DATA BLOCK Block Start

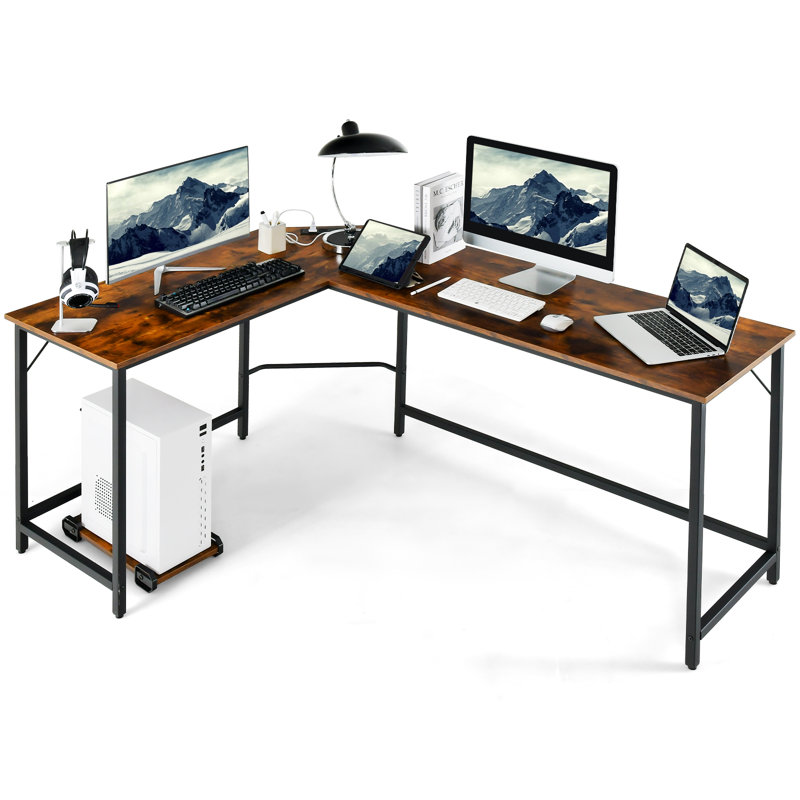 Raulston Modular L-Shaped Steel Computer Desk, Brown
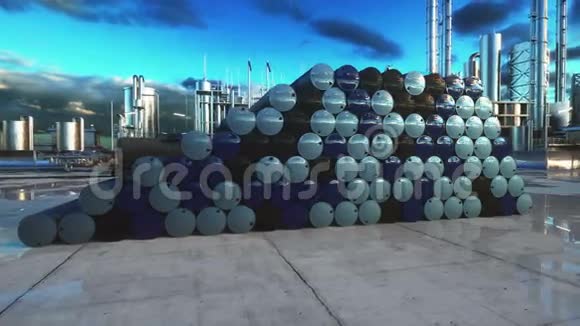 炼油厂附近的油桶真实的电影4k动画视频的预览图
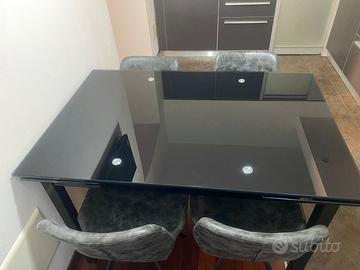 Tavolo vetro nero allungabile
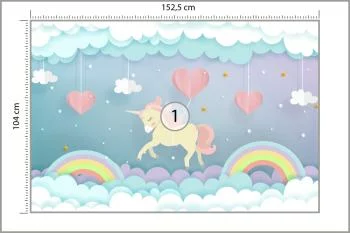 Fototapeta Jednorożec Serduszka I Tęcza - obrazek 3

DATA BLOCK Block End

## BRIEF
Where the material contains pictures, leave them out and copy the rest verbatim.

## PROBLEM SOLUTION
 Raulston Modular L-Shaped Steel Computer Desk, Brown
 炼油厂附近的油桶真实的电影4k动画视频的预览图
 Tavolo vetro nero allungabile
 Fototapeta Jednorożec Serduszka I Tęcza - obrazek 3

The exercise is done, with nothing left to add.